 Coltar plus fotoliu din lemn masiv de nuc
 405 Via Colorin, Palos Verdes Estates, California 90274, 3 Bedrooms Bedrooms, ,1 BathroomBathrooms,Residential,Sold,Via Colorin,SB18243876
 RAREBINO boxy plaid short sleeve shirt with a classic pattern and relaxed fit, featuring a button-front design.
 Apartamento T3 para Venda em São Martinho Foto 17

==

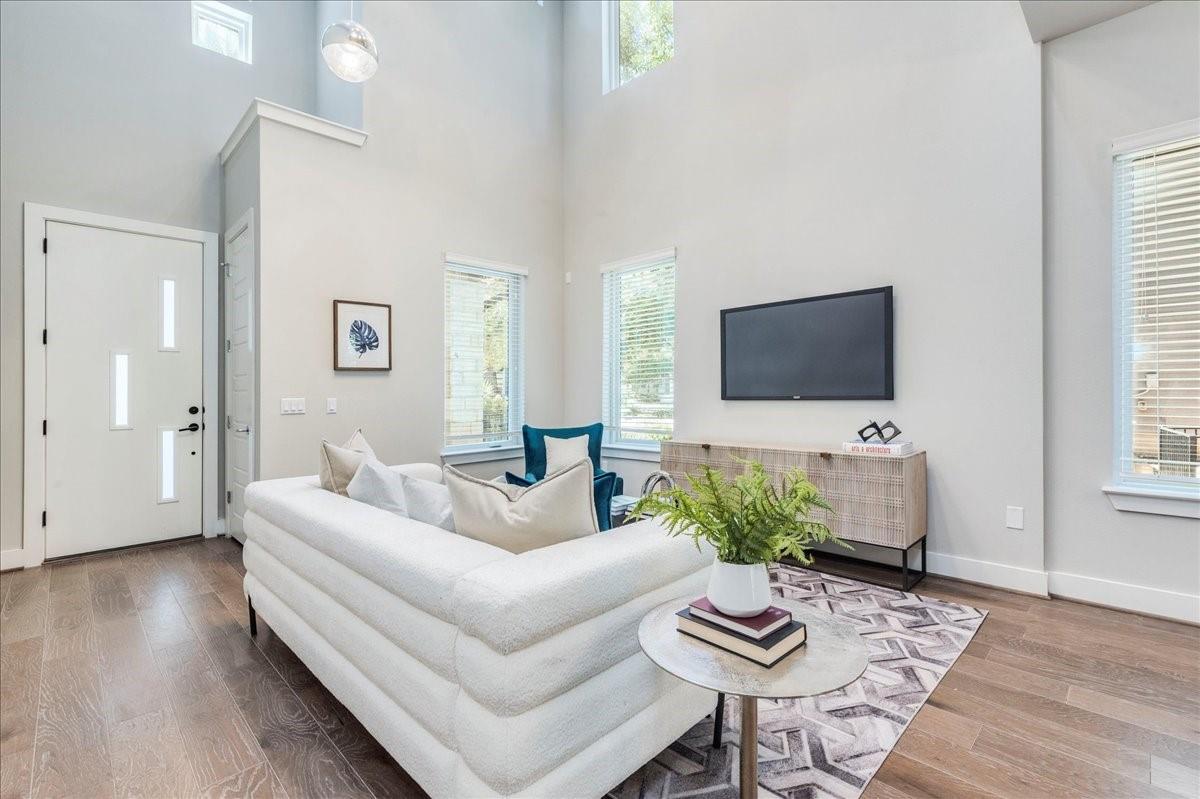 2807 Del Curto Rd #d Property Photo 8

ASSIGNMENT :: A verbatim transcription is needed of the lines above, starting at the line with "405 Via Colorin, Palos" and ending at the line with "RAREBINO boxy plaid", both included, and of nothing else.

FINAL ANSWER ::
 405 Via Colorin, Palos Verdes Estates, California 90274, 3 Bedrooms Bedrooms, ,1 BathroomBathrooms,Residential,Sold,Via Colorin,SB18243876
 RAREBINO boxy plaid short sleeve shirt with a classic pattern and relaxed fit, featuring a button-front design.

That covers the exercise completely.